**STORED DATA**.
^^^^^^^^^^^^^^^^
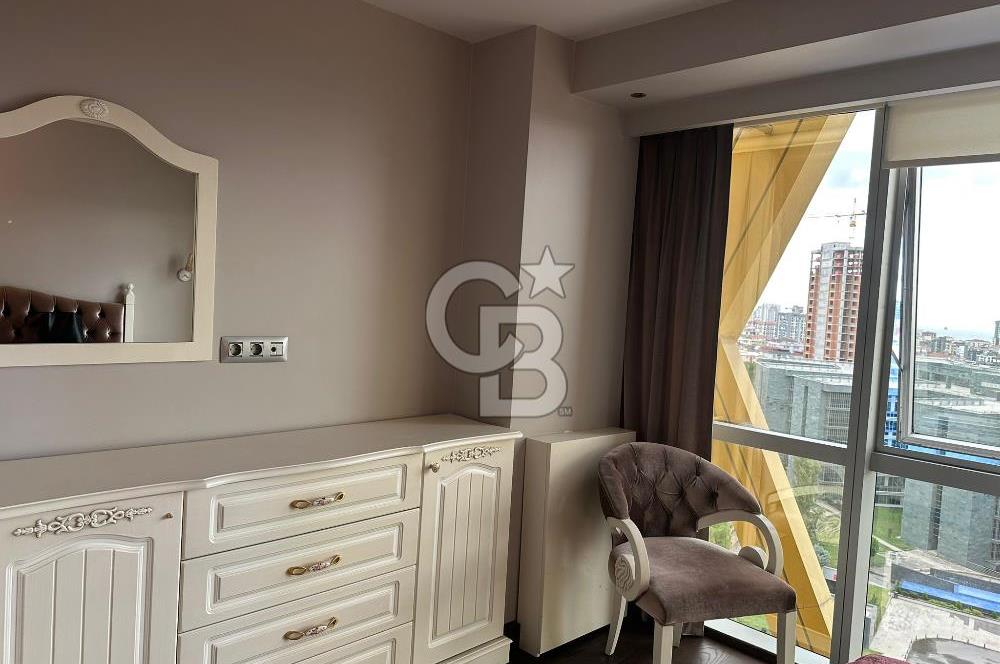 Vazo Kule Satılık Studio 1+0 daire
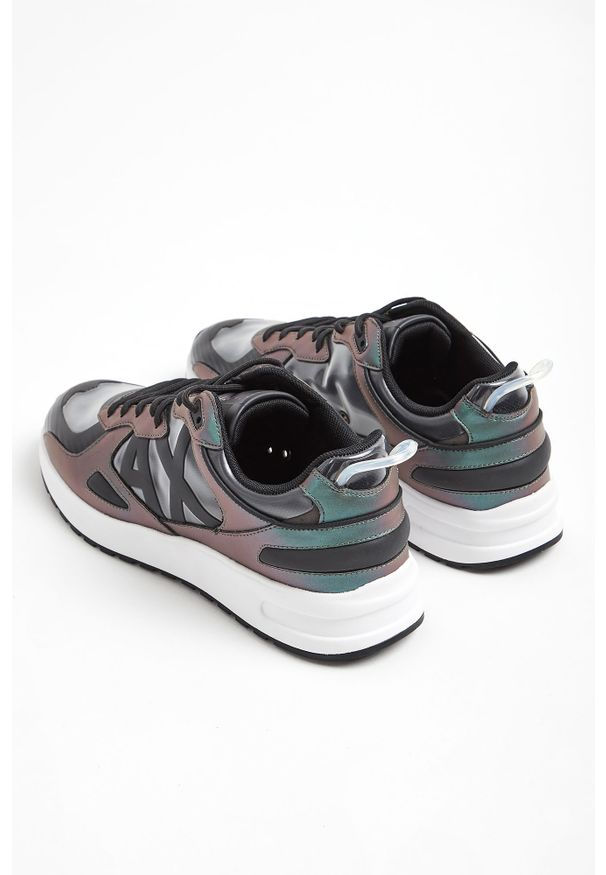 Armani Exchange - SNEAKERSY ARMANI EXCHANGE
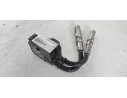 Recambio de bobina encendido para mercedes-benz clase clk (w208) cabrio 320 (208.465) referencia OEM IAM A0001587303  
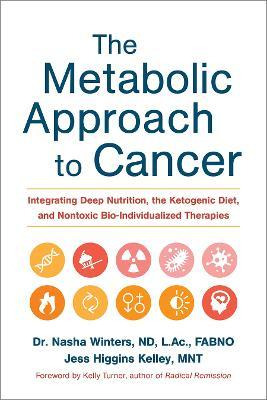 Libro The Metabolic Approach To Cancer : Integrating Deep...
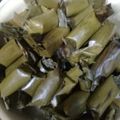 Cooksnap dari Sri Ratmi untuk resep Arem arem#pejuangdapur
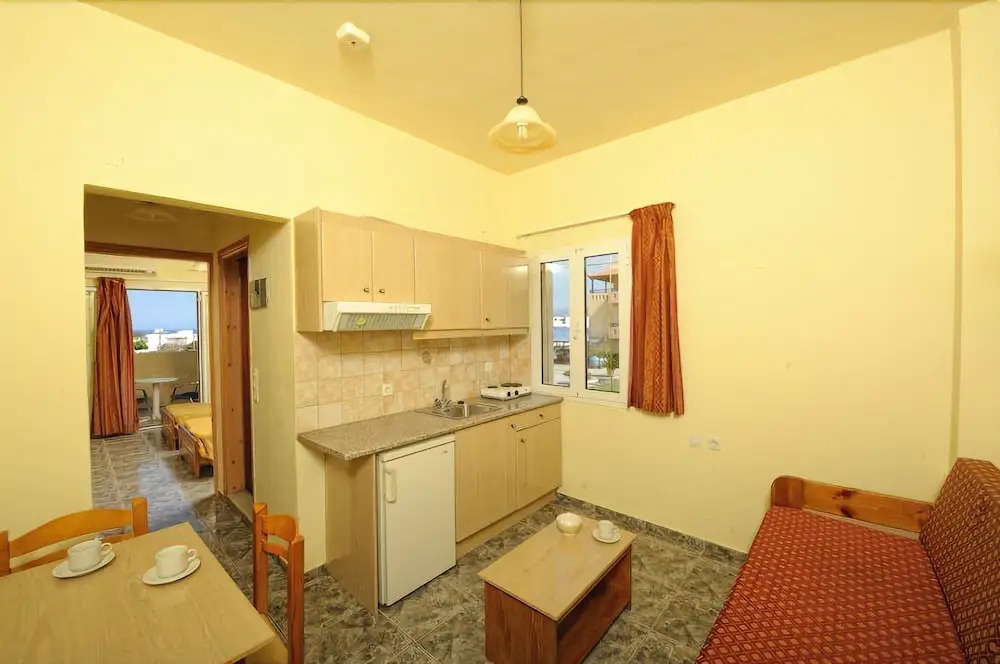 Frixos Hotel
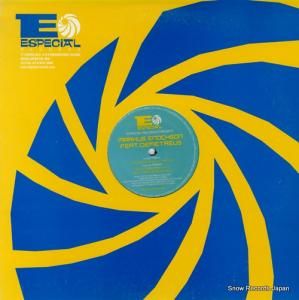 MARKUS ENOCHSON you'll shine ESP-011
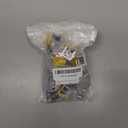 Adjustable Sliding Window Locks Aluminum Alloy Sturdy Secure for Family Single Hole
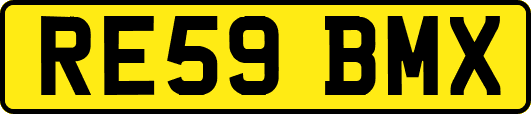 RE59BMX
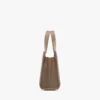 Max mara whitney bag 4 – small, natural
^^^^^^^^^^^^^^^^
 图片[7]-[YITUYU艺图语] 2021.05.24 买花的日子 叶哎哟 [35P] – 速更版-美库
^^^^^^^^^^^^^^^^
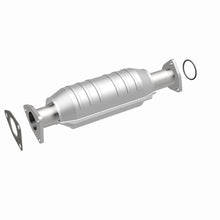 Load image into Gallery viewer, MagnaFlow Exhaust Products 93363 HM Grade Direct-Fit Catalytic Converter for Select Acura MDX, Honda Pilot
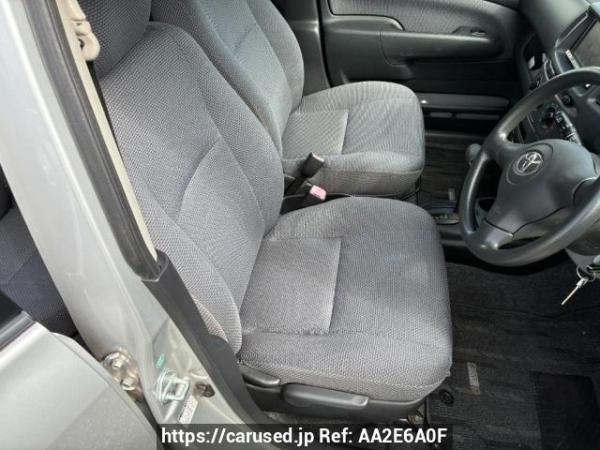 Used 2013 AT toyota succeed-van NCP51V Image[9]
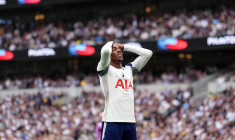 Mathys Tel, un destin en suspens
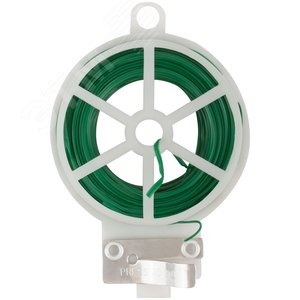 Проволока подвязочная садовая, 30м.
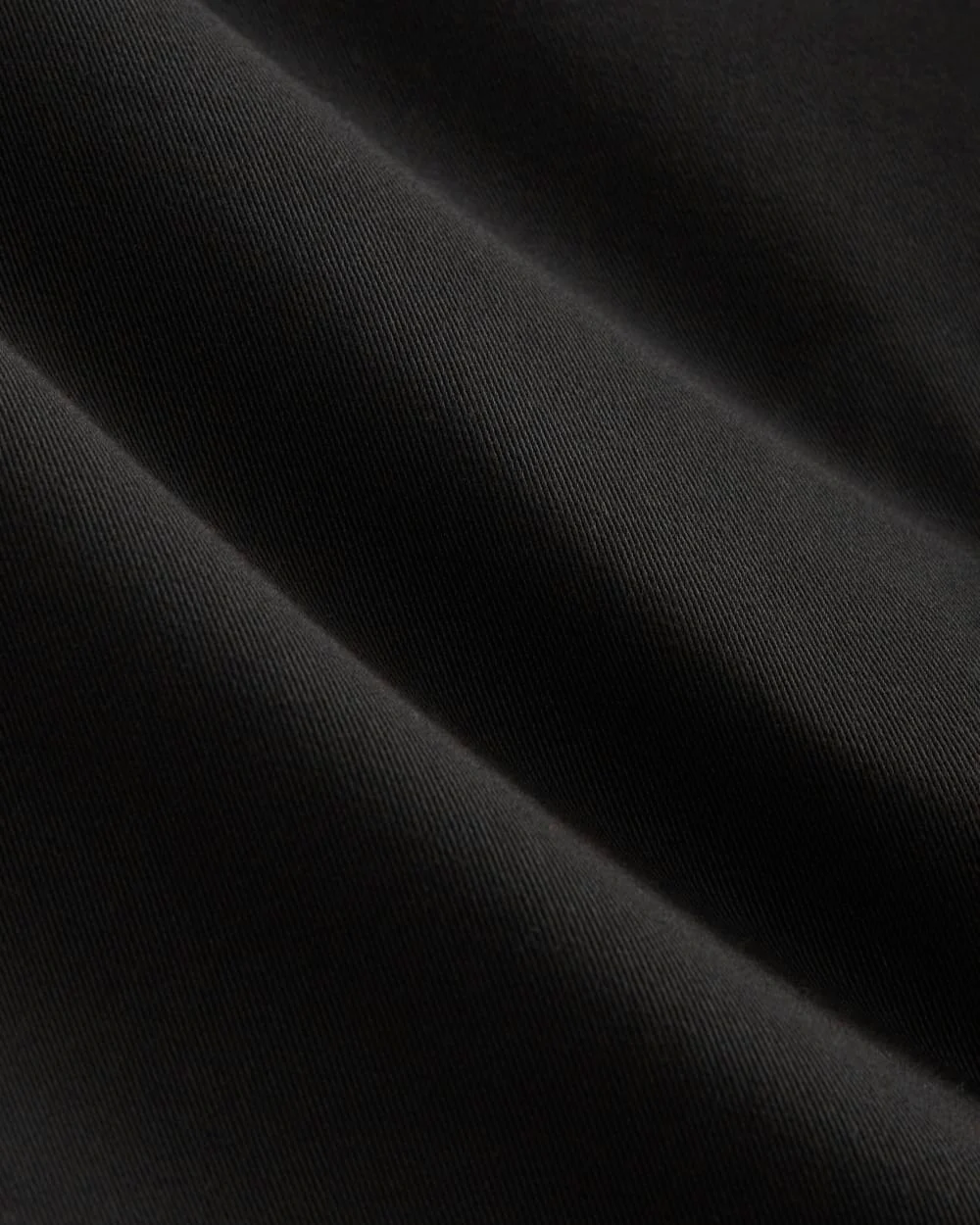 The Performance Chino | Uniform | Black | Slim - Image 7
^^^^^^^^^^^^^^^^
**WHAT THE TASK REQUIRES**. For the data above, set down exactly the lines from the line with "Load image into" to the line with "The Performance Chino", both included, leaving pictures out.

**RESPONSE BELOW**.
 Load image into Gallery viewer, MagnaFlow Exhaust Products 93363 HM Grade Direct-Fit Catalytic Converter for Select Acura MDX, Honda Pilot
 Used 2013 AT toyota succeed-van NCP51V Image[9]
 Mathys Tel, un destin en suspens
 Проволока подвязочная садовая, 30м.
 The Performance Chino | Uniform | Black | Slim - Image 7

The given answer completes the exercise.